La situation actuelle est en grande partie le résultat de deux siècles d’emprise des techniques (engrais, pesticides, désherbants), du matériel (tondeuse, arrosage intégré), de la publicité sur le monde végétal (pelouse verte en été) et de l’image du jardin « bien entretenu ».

Pour que le jardin devienne plus écologique, deux facteurs fort différents doivent évoluer en même temps : la représentation mentale d’un beau jardin et les techniques mises en oeuvre pour l’entretenir. Le jardinage biologique, l’une des approches du jardinage durable, est un système de culture qui exclut l’usage d’engrais et de pesticides de synthèse ainsi que des organismes génétiquement modifiés. Dans le jardinage raisonné, il existe une meilleure prise en compte de l’environnement par les jardiniers, tout en ne négligeant ni le social, ni l’écologique ni le volet économique… Quant aux engrais et pesticides, ils ne devraient être utilisés que lorsque cela est indispensable car il est tout à fait possible de jardiner biologique.
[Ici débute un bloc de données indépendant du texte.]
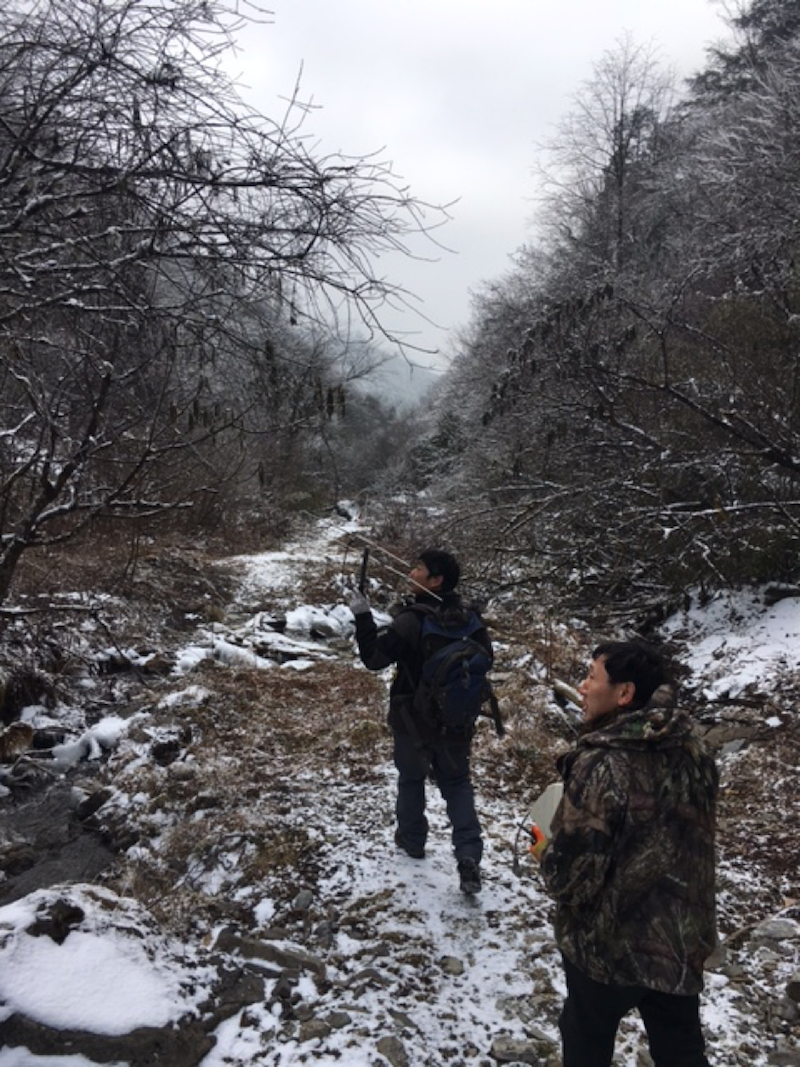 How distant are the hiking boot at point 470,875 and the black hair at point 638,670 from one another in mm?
2002

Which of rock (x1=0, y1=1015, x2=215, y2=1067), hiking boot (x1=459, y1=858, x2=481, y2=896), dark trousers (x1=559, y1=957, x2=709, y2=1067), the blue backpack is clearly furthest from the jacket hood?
hiking boot (x1=459, y1=858, x2=481, y2=896)

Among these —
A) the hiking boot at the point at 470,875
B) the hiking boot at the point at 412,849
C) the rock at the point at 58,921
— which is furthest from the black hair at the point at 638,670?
the hiking boot at the point at 412,849

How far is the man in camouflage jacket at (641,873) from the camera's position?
198 cm

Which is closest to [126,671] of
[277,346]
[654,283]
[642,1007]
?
[277,346]

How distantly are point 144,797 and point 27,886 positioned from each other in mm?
968

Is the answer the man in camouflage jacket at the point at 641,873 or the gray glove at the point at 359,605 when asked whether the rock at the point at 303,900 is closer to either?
the gray glove at the point at 359,605

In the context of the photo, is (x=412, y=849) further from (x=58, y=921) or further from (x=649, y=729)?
(x=649, y=729)

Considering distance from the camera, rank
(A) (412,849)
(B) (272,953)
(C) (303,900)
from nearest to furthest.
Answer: (B) (272,953) < (C) (303,900) < (A) (412,849)

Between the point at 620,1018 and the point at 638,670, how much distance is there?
1.03 m

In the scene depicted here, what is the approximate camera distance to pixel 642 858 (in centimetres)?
199

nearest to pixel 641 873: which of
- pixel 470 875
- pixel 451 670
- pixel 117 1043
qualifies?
pixel 451 670

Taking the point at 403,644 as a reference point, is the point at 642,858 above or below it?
below

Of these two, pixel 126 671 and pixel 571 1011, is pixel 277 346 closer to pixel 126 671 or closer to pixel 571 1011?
pixel 571 1011

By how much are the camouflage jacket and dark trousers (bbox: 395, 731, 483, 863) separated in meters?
1.58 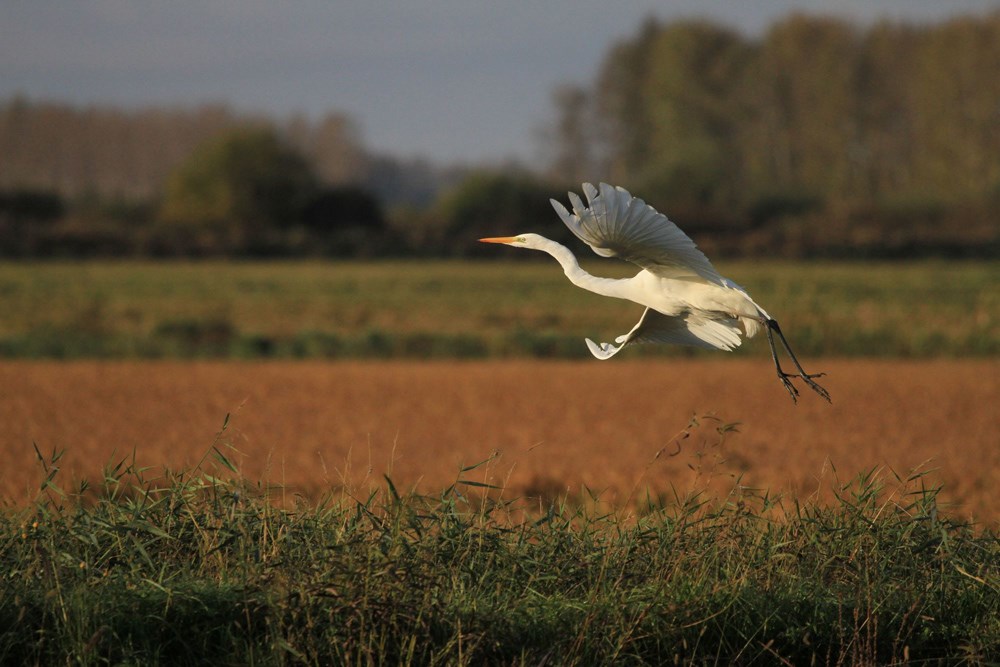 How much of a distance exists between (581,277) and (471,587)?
137 cm

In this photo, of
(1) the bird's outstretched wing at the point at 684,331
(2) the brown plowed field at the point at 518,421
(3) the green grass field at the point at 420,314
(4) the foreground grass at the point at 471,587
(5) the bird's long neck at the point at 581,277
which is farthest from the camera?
(3) the green grass field at the point at 420,314

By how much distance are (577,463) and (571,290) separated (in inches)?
879

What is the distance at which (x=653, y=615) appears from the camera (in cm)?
439

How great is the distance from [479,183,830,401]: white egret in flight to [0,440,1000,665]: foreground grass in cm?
79

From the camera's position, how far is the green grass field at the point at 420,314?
73.9 feet

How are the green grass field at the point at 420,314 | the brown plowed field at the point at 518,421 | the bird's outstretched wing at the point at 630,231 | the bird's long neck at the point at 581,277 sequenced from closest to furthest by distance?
the bird's outstretched wing at the point at 630,231 < the bird's long neck at the point at 581,277 < the brown plowed field at the point at 518,421 < the green grass field at the point at 420,314

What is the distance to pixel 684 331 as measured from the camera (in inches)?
226

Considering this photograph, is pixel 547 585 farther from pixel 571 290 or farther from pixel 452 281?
pixel 452 281

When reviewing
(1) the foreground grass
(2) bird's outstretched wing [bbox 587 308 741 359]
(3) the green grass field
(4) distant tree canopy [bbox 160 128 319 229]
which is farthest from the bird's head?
(4) distant tree canopy [bbox 160 128 319 229]

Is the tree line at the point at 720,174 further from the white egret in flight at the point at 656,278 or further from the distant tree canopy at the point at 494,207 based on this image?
the white egret in flight at the point at 656,278

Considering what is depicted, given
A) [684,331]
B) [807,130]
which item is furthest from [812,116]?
[684,331]

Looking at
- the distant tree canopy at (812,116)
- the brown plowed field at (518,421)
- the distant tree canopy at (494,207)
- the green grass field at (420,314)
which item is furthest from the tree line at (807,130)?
the brown plowed field at (518,421)

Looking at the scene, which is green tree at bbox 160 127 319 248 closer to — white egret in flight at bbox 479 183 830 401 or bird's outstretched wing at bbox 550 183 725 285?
white egret in flight at bbox 479 183 830 401

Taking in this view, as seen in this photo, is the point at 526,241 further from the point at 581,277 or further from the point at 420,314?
the point at 420,314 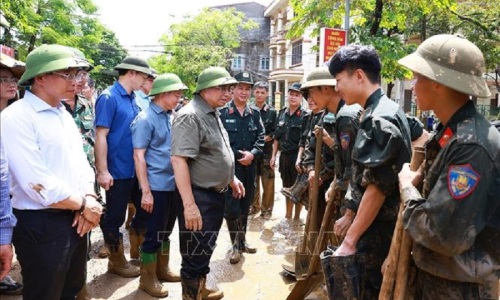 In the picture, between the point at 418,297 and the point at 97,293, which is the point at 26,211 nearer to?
the point at 97,293

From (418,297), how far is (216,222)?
167 cm

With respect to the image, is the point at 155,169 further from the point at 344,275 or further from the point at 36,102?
the point at 344,275

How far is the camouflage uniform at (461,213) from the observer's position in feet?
5.29

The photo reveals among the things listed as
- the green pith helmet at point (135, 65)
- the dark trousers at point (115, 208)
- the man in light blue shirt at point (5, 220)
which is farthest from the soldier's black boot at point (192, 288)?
the green pith helmet at point (135, 65)

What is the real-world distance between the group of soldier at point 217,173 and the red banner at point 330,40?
523 cm

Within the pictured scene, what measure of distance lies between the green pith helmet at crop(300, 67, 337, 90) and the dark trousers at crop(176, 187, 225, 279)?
1302 millimetres

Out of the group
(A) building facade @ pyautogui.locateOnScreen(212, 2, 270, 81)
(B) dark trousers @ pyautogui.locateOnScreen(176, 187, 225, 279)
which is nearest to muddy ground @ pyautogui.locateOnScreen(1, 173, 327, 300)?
(B) dark trousers @ pyautogui.locateOnScreen(176, 187, 225, 279)

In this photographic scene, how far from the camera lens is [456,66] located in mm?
1807

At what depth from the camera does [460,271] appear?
173 centimetres

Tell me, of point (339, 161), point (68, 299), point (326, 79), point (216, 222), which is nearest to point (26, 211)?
point (68, 299)

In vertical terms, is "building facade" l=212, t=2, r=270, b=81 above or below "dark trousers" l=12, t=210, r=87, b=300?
above

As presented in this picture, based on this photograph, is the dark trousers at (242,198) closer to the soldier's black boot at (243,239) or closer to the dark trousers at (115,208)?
the soldier's black boot at (243,239)

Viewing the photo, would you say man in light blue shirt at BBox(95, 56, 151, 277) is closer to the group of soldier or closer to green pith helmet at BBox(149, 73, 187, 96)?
the group of soldier

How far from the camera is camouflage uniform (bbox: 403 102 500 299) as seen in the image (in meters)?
1.61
Cela dépend essentiellement d’un choix personnel, qui s’applique en modifiant ses manières de travailler.

Mais est-il aussi simple que cela de jardiner « local » ? Le recours à des variétés locales et/ou anciennes peut être une source de satisfaction ou de découverte mais il faut savoir que la stabilité des caractéristiques variétales est aléatoire. Encore faut-il pouvoir disposer des semences nécessaires et, pour cela, différencier les variétés anciennes des variétés locales. Les variétés anciennes de légumes et de fleurs figurent dans les catalogues de grandes maisons grainières françaises comme Vilmorin, Clause, ou dans les diverses éditions du Bon Jardinier. Elles ont été améliorées, commercialisées et diffusées grâce à un réseau dense de revendeurs dans l’ensemble des régions françaises, parfois au détriment des variétés locales. Les variétés locales, elles, sont liées à un terroir donné, parfois peu étendu, et furent sélectionnées par un ou des jardiniers locaux qui ont perpétué ces formes au fil du temps en récoltant,conservant et ressemant leurs graines. Si, dans ce terroir, le fil de la transmission a été rompu, il y a peu de chance de retrouver une forme ancienne comme le chou « cabus panaché de Caen » ou le haricot « petit carré de Caen » dont l’origine remonte au XVIIIe siècle.

Par ailleurs, dans cette approche bio et durable, on ne doit pas oublier les modifications environnementales mêmes mineures, qui se sont opérées depuis la création de certaines variétés. Celles-ci étaient climatiquement et pédologiquement bien adaptées à un terroir et à une époque donnée mais, depuis plusieurs décennies, les conditions climatiques ont évolué, les sols aussi.

Les jardiniers bio, durables et locaux devraient se lancer le défi de reprendre toutes ces formes anciennes et poursuivre le travail d’adaptation local effectué au fil des années par leurs aïeux. Ainsi se trouveraient dynamisées, non seulement la conservation du patrimoine ancien, mais aussi la tradition ancestrale de création par les jardiniers de nouveautés en légumes, fleurs et fruits.